# The Pure Pwnage Thread



## MetalheadGautham (Oct 5, 2008)

This thread is dedicated to Pure Pwnage, a mockumentary series with each episode about 25min, and it describes the life of a pro gamer.

Official website: www.PurePwnage.com

Download all episodes: *www.purepwnage.com/downloadepisodes.html

Whether you are a gamer or not, you GOT to check this out. Its one of the best series I have ever come across, paid and free ones included. New episodes are released every 3 months or so.

I have downloaded the high quality DivX versions of all episodes till date from the download site, and its about 3.2GB. Trust me guys, its worth it.

*have fun n00bs!*


----------



## comp@ddict (Oct 5, 2008)

Oh well...honestly I've nvr downloaded more than 667MB in one day till date


----------



## MetalheadGautham (Oct 5, 2008)

Each episode is anywhere between 100 and 250mb. Average is 170MB. Download them indivudually.


----------



## ico (Oct 6, 2008)

I thought someone wants to get pwned by me in UrT......


----------



## MetalheadGautham (Oct 9, 2008)

so anybody seen it ?


----------



## fieldgunner (Oct 9, 2008)

my current data tfr rate on reliance bloody plug to surf? 2 kbps...
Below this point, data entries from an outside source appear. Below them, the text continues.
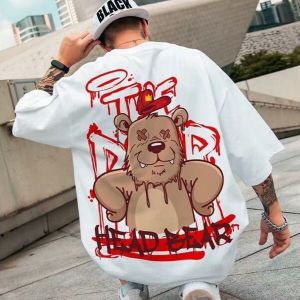 Mens Oversized Full Sleeve T-Shirts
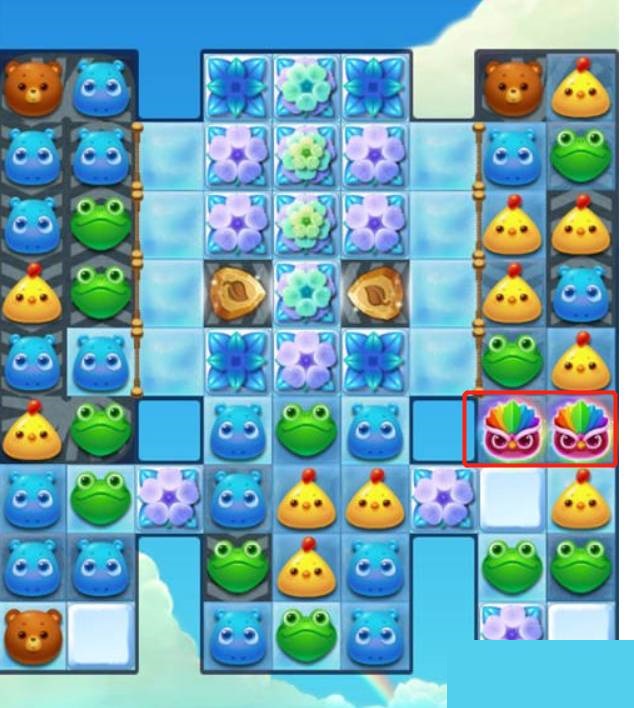 开心消消乐第+150关怎么过?开心消消乐第+150关通关攻略截图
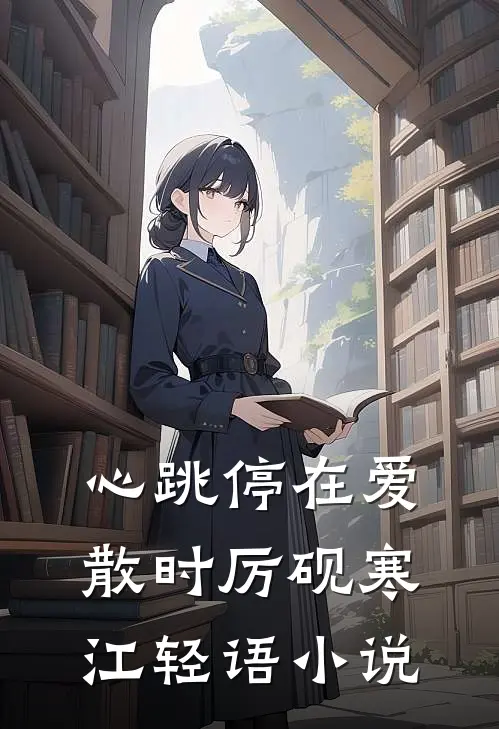 心跳停在爱散时厉砚寒江轻语小说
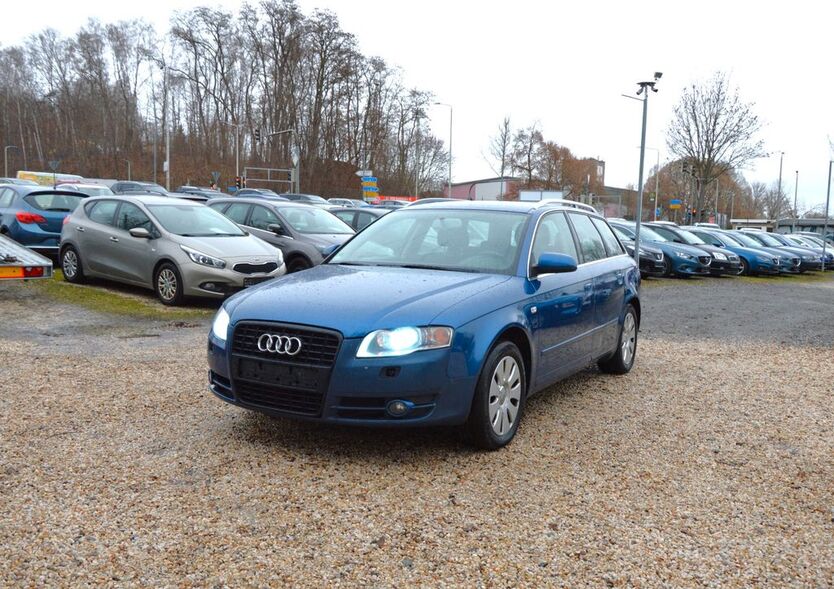 Audi A4 277.247 km 980 € Zwickau 08056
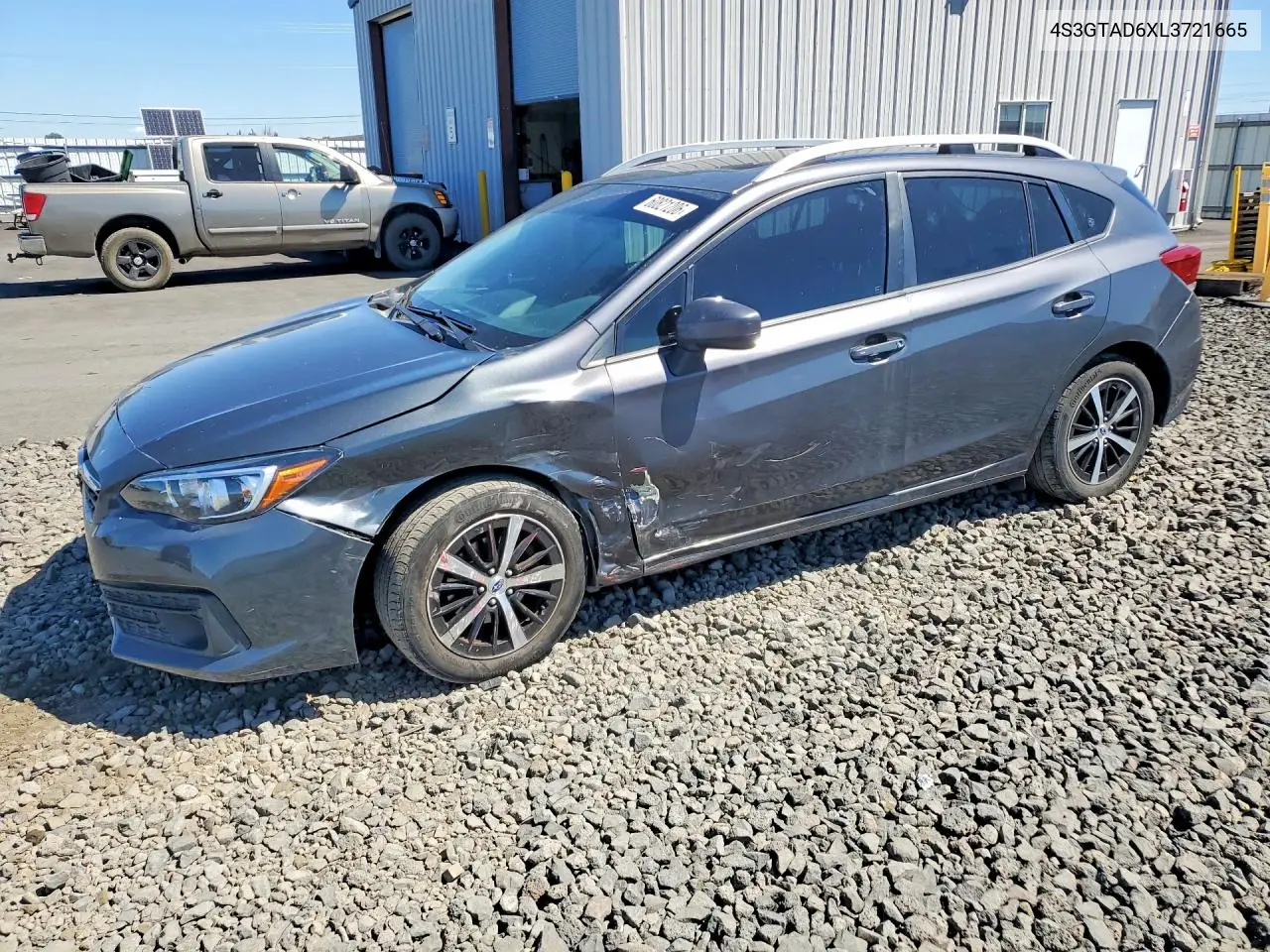 Subaru Impreza (V)
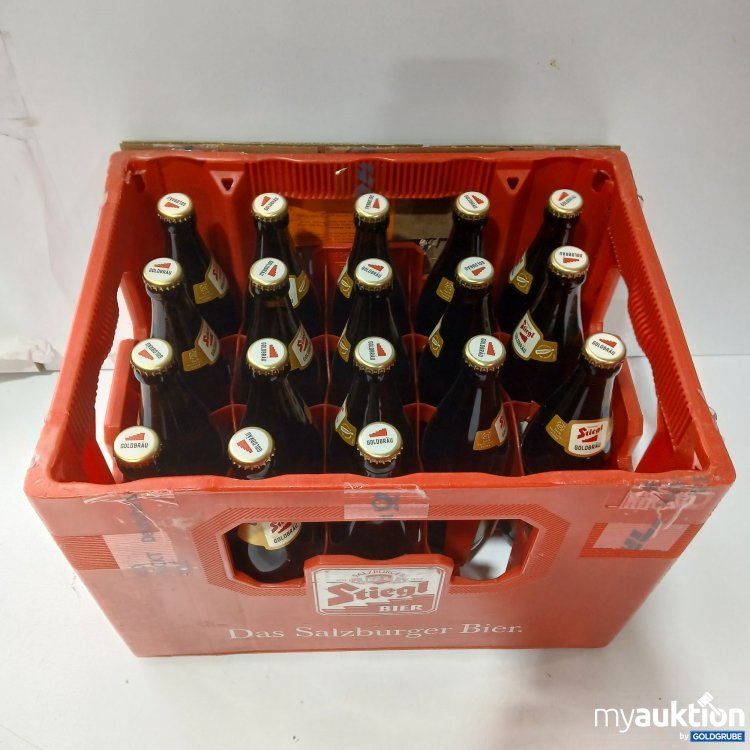 Artikel Nr. 976914 Artikel Nr. 976914: Salzburger Stiegl Goldbräu 18×0,5L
so, no i haven't seen it ...

but it sounds interesting...maybe i'll tell my brother in the UK to d/l and mail me a dvd...


----------



## MetalheadGautham (Oct 10, 2008)

^^Where do you stay ? Maybe I can mail you the DVD. I am in bangalore.


----------



## MetalheadGautham (May 13, 2009)

Bump.

Episode 19 releasing pretty soon. Troy Dixon, who plays T-bag, died in a car accident which resulted in a huge dely in next episode.


----------



## ico (May 13, 2009)

*img26.imageshack.us/img26/9753/shot0068t.th.jpg

I make 'pros' look like n00bs. They accept the reality and fall beneath teh almighty......lolz 



MetalheadGautham said:


> Troy Dixon, who plays T-bag, died in a car accident which resulted in a huge dely in next episode.


RIP...


----------



## MetalheadGautham (May 13, 2009)

If you want the single video which will make you want to watch the whole series, here it is:

*www.youtube.com/watch?v=abOkSwL8yZI

BOOM HEADSHOT!


----------



## MetalheadGautham (May 13, 2009)

If you want the single video which will make you want to watch the whole series, here it is:

*www.youtube.com/watch?v=abOkSwL8yZI

BOOM HEADSHOT!


----------



## ico (May 13, 2009)

^ watching...


----------



## MetalheadGautham (May 13, 2009)

Finished ?


----------



## ico (May 13, 2009)

lol, yea. That Ganja guy seems a maniac to me.

Will download today.


----------



## MetalheadGautham (May 13, 2009)

You will enjoy the portion just-before this section.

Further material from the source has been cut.